そこでさらに問いたい。あなたにとって幸せとは、ほんとうにこのような「集団エクスタシー」の状態をいうのだろうか? このような「幸福」はある意味で官能小説を読んだときに得られる快楽と変わりがないように思われる。あるいは刺激的なセックスでも得られるだろう。

極論を言うと、いま国民は刺激的セックスで得られる快楽に溺れてゆくか、どんな状態であっても「人間」であることを選択できるのか、が試されている。

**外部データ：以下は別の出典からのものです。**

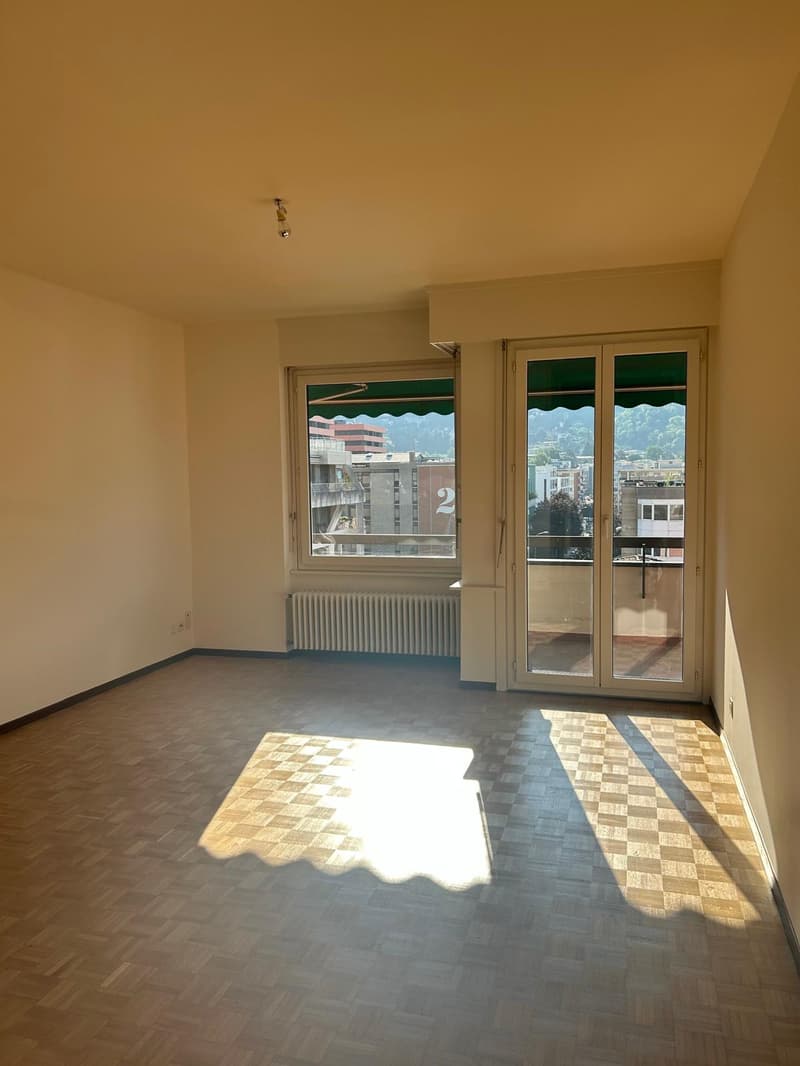 Luminoso appartamento di 2.5 locali a Lugano (1)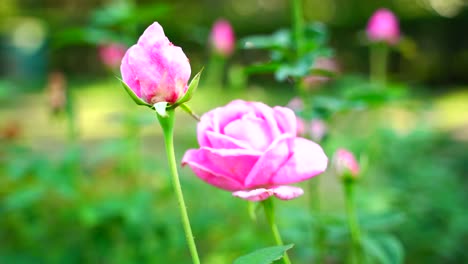 Blume-Im-Garten-Strahlte-In-Der-Sonne-45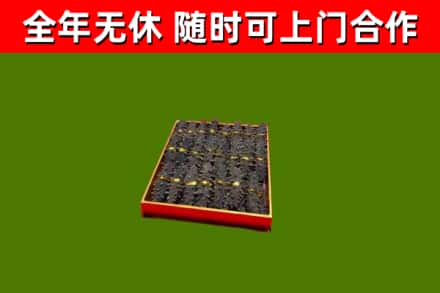 桃园回收海参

いまが自粛すべきときだ、という考えにノーを唱える気はない。外出も控えるべきだし、「三密」だって大事だ。壇蜜もそこそこ大事だ。できることをしていこう。自分のすべき仕事をしよう。それにもイエスだ。

だが、それでも唱えよう。

今、意味の紐づけが解除された「ばらばらの世界」で、あなたがひとつひとつの意味を管理しなければ、コロナが去ったあとに、「昨日の世界」なんてもう絶対に帰ってこないんだ、と。

まず手を洗ってほしい。

マスクもしっかりつけよう。

自宅にいよう。ステイホーム。ハッシュタグ。

コロナにかからないで。

そして、責メルノ見ルノツライ病にもかからないで。

生き延びよう。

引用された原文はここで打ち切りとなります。